** Opening Given entries block **

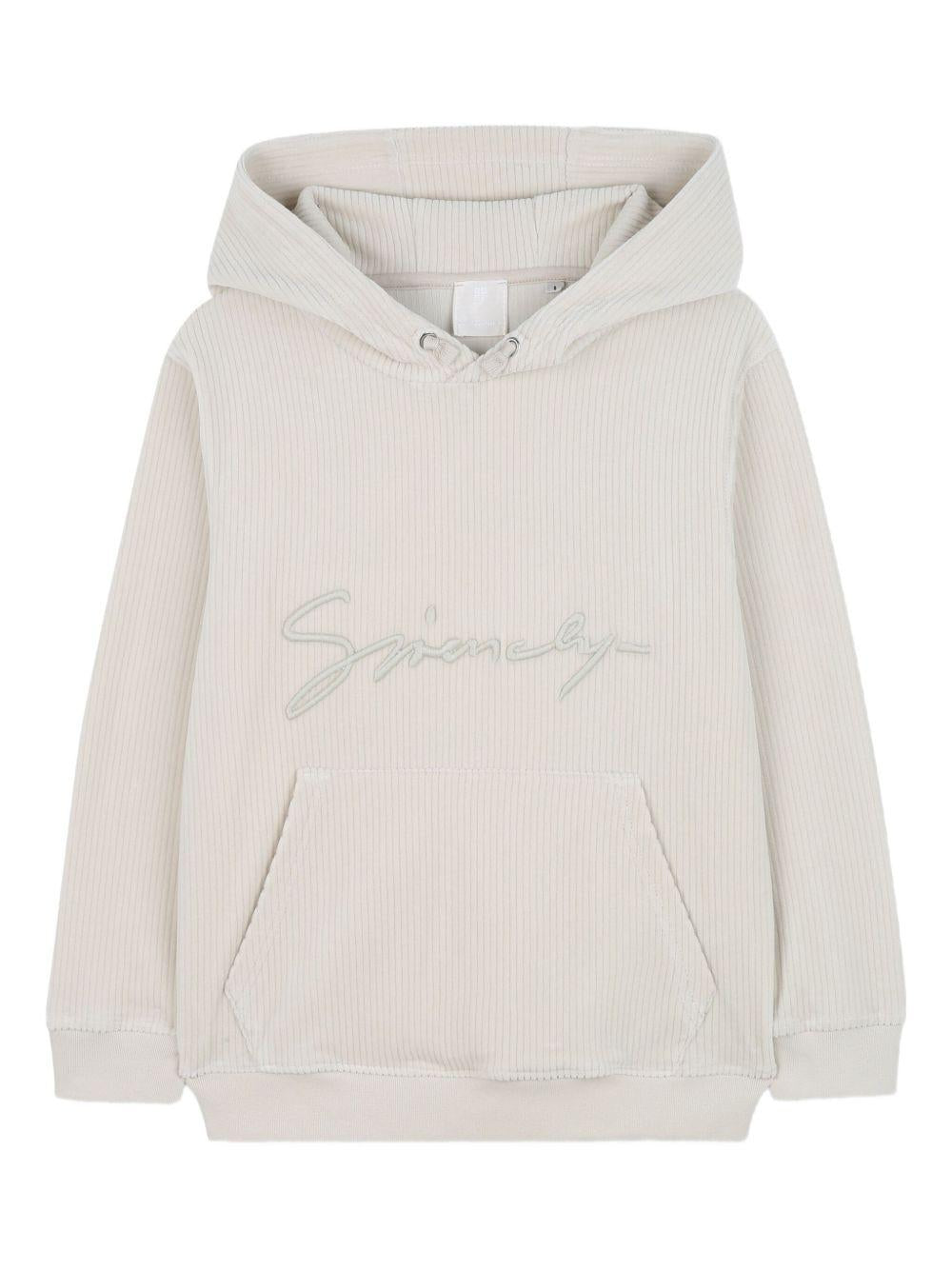 Felpa a Coste con Cappuccio e Logo Ricamato H30940 184 GIVENCHY KIDS 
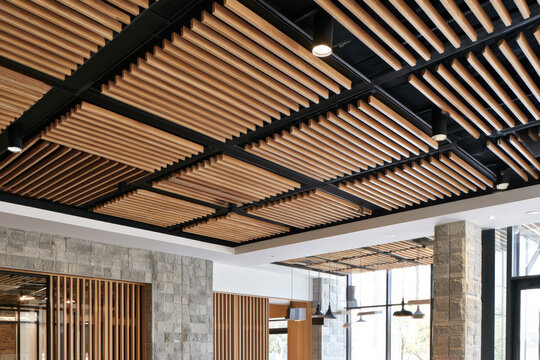 Modern Wooden Slat Ceiling with Linear Grid and Integrated Architectural Lighting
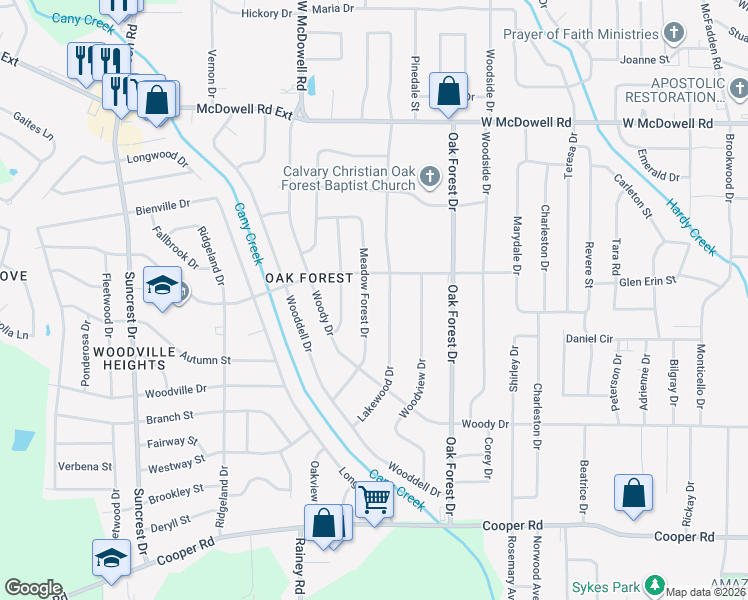 map of restaurants, bars, coffee shops, grocery stores, and more near 3026 Meadow Forest Drive in Jackson
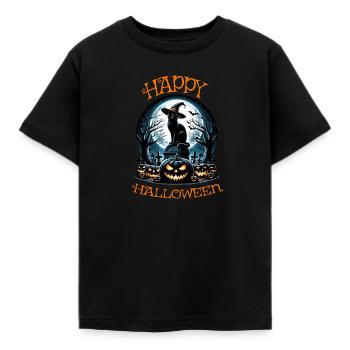 Scaredy Cat No Treats Just Halloween Tricks - Kids' T-Shirt - black - Front - AI Model Kid Female (0cm)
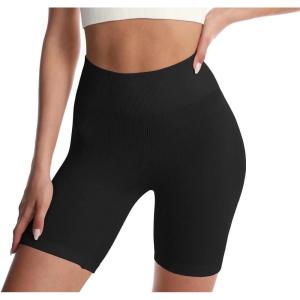 imageHybrid ampamp Company Womens High Waisted Yoga Active Tight Running Biker Gym Shorts ampamp Full Length LeggingsShortsblack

** Closing Given entries block **

### Problem to work on
From the first line to the last, return the material above exactly, apart from the pictures.

### Result for this exercise
 Felpa a Coste con Cappuccio e Logo Ricamato H30940 184 GIVENCHY KIDS 
 Modern Wooden Slat Ceiling with Linear Grid and Integrated Architectural Lighting
 map of restaurants, bars, coffee shops, grocery stores, and more near 3026 Meadow Forest Drive in Jackson
 Scaredy Cat No Treats Just Halloween Tricks - Kids' T-Shirt - black - Front - AI Model Kid Female (0cm)
 imageHybrid ampamp Company Womens High Waisted Yoga Active Tight Running Biker Gym Shorts ampamp Full Length LeggingsShortsblack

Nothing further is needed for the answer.